Another of the novel’s singular figures is a rampaging European chef who’s colonized TriBeCa’s dining landscape with a pair of restaurants (one French, one German), a more casual eatery, and “a bakery on a prominent intersection.” In the book, said chef is Italian, but to me he sounds remarkably like the French chef David Bouley, who also happens to operate two restaurants (one French, one Japanese) and, up until 2009, a bakery on the corner of West Broadway and Duane Street. It’s hard to ignore those parallels. Of course, I also hope that—beyond his ambition and virtuosity at the range—the playboy and absentee father of the book isn’t otherwise modeled on Bouley.
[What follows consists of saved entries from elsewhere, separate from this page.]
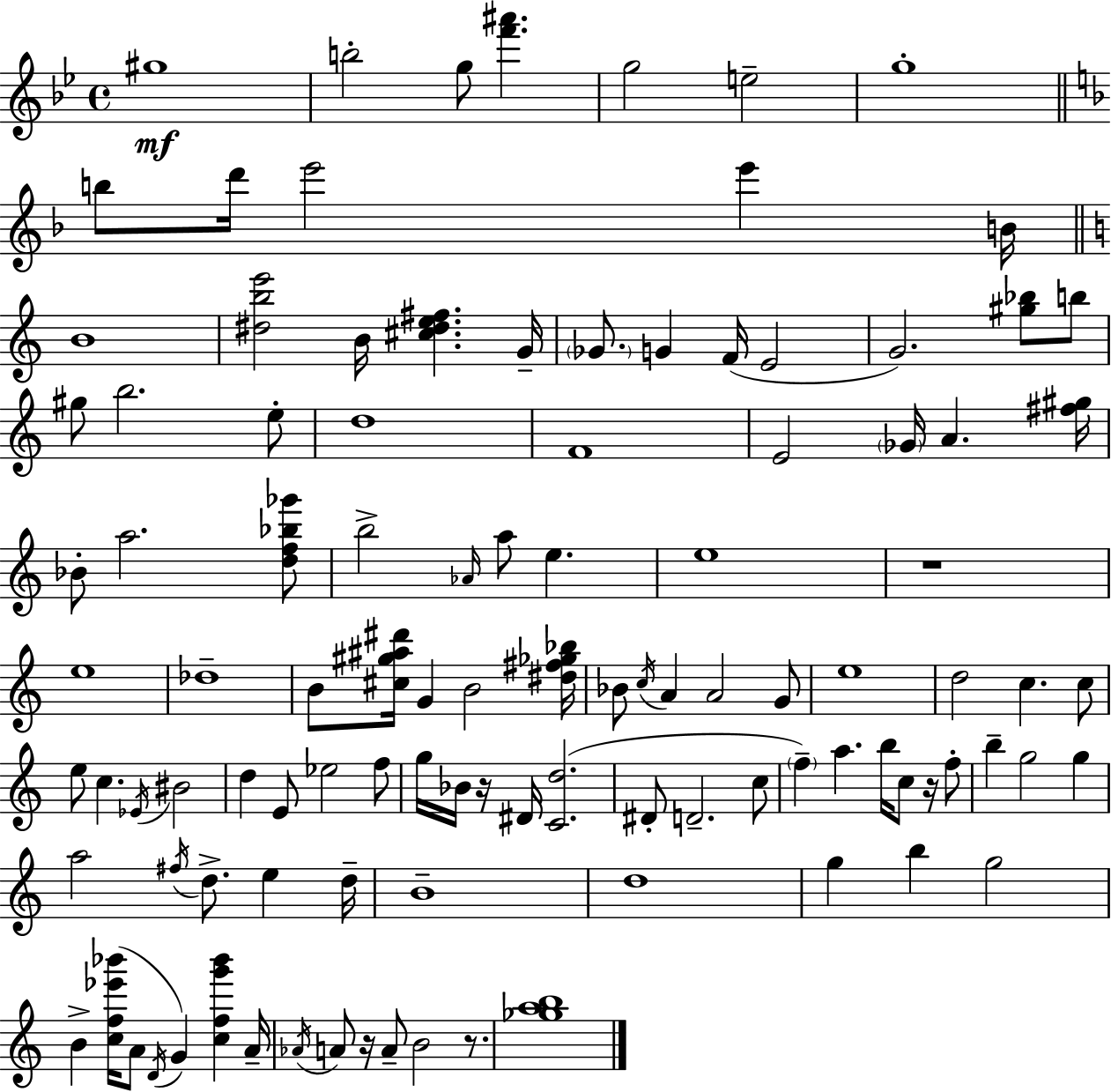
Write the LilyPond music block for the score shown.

{
  \clef treble
  \time 4/4
  \defaultTimeSignature
  \key g \minor
  \repeat volta 2 { gis''1\mf | b''2-. g''8 <f''' ais'''>4. | g''2 e''2-- | g''1-. | \break \bar "||" \break \key d \minor b''8 d'''16 e'''2 e'''4 b'16 | \bar "||" \break \key c \major b'1 | <dis'' b'' e'''>2 b'16 <cis'' dis'' e'' fis''>4. g'16-- | \parenthesize ges'8. g'4 f'16( e'2 | g'2.) <gis'' bes''>8 b''8 | \break gis''8 b''2. e''8-. | d''1 | f'1 | e'2 \parenthesize ges'16 a'4. <fis'' gis''>16 | \break bes'8-. a''2. <d'' f'' bes'' ges'''>8 | b''2-> \grace { aes'16 } a''8 e''4. | e''1 | r1 | \break e''1 | des''1-- | b'8 <cis'' gis'' ais'' dis'''>16 g'4 b'2 | <dis'' fis'' ges'' bes''>16 bes'8 \acciaccatura { c''16 } a'4 a'2 | \break g'8 e''1 | d''2 c''4. | c''8 e''8 c''4. \acciaccatura { ees'16 } bis'2 | d''4 e'8 ees''2 | \break f''8 g''16 bes'16 r16 dis'16 <c' d''>2.( | dis'8-. d'2.-- | c''8 \parenthesize f''4--) a''4. b''16 c''8 | r16 f''8-. b''4-- g''2 g''4 | \break a''2 \acciaccatura { fis''16 } d''8.-> e''4 | d''16-- b'1-- | d''1 | g''4 b''4 g''2 | \break b'4-> <c'' f'' ees''' bes'''>16( a'8 \acciaccatura { d'16 }) g'4 | <c'' f'' g''' bes'''>4 a'16-- \acciaccatura { aes'16 } a'8 r16 a'8-- b'2 | r8. <ges'' a'' b''>1 | } \bar "|."
} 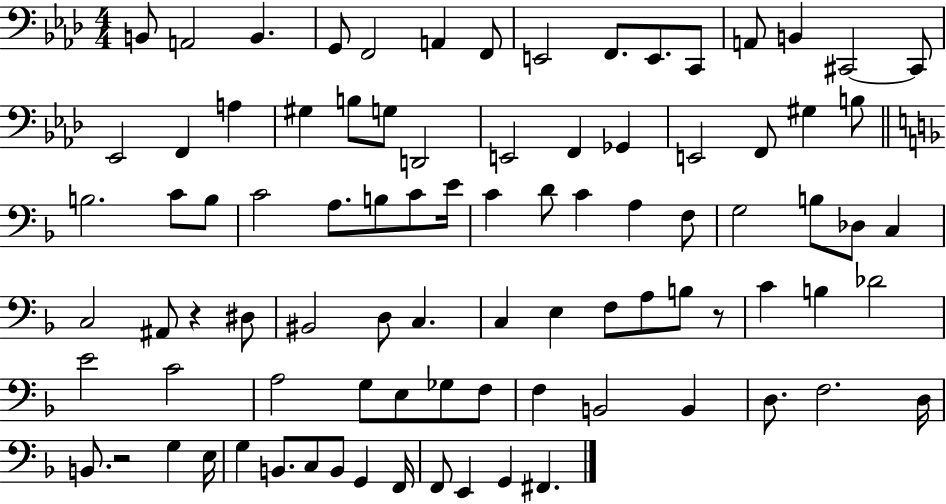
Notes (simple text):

B2/e A2/h B2/q. G2/e F2/h A2/q F2/e E2/h F2/e. E2/e. C2/e A2/e B2/q C#2/h C#2/e Eb2/h F2/q A3/q G#3/q B3/e G3/e D2/h E2/h F2/q Gb2/q E2/h F2/e G#3/q B3/e B3/h. C4/e B3/e C4/h A3/e. B3/e C4/e E4/s C4/q D4/e C4/q A3/q F3/e G3/h B3/e Db3/e C3/q C3/h A#2/e R/q D#3/e BIS2/h D3/e C3/q. C3/q E3/q F3/e A3/e B3/e R/e C4/q B3/q Db4/h E4/h C4/h A3/h G3/e E3/e Gb3/e F3/e F3/q B2/h B2/q D3/e. F3/h. D3/s B2/e. R/h G3/q E3/s G3/q B2/e. C3/e B2/e G2/q F2/s F2/e E2/q G2/q F#2/q. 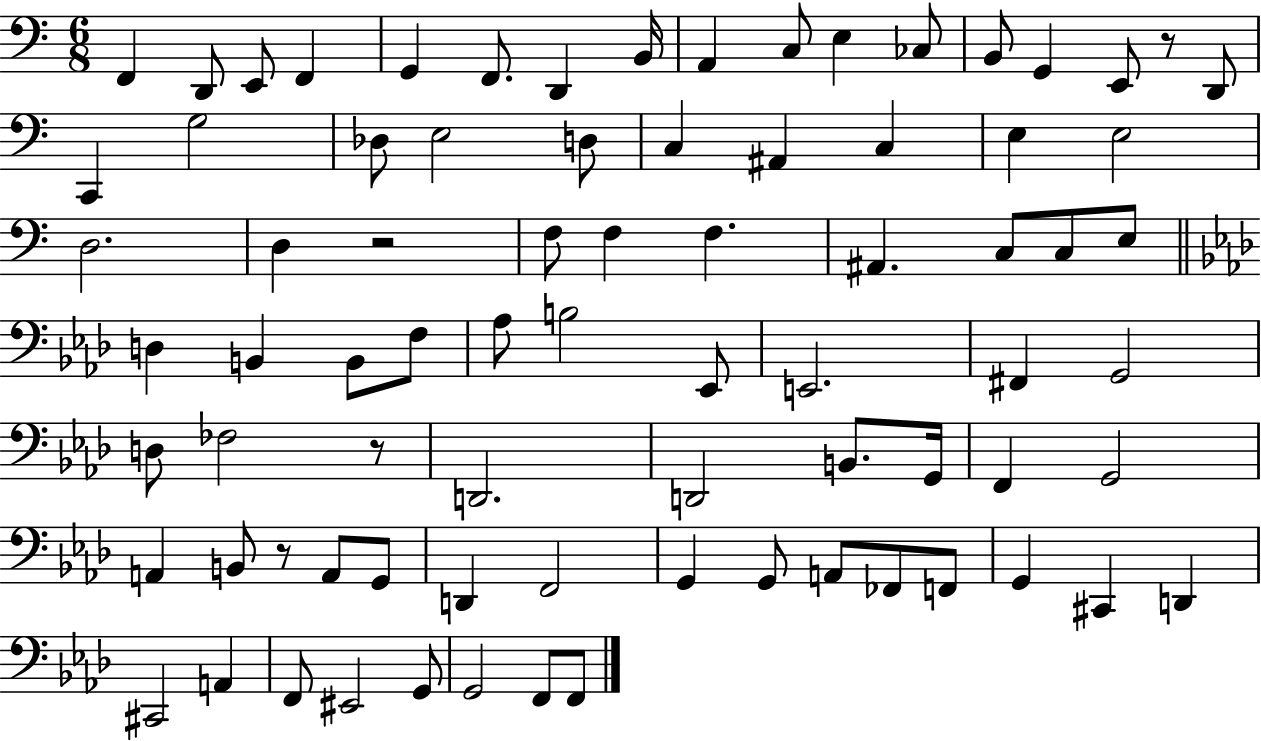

Then there is the book’s disgraced memoirist, whose fabricated tall tales of superhuman excess and self-destruction jump out immediately to the reader as very like James Frey—who happens, as it were, to live in TriBeCa. (Although the character is too passive to be fully Frey.) And there’s a lot more: more New York types to be deciphered (publicists, film producers, one-hit wonder playwrights, sculptors toiling in obscurity) and more New York names to be dropped (Harvey Weinstein, Michael Stipe, Giuseppe Cipriani). But maybe the novel’s single most intriguing quasi-invention is a young girl, only nine years old, who has the makings of someone “who could have a featured-in-Vogue run through New York society.” Is it a symptom of living in this town that I found myself wondering, about this little girl more than anyone else in the book, Who is that?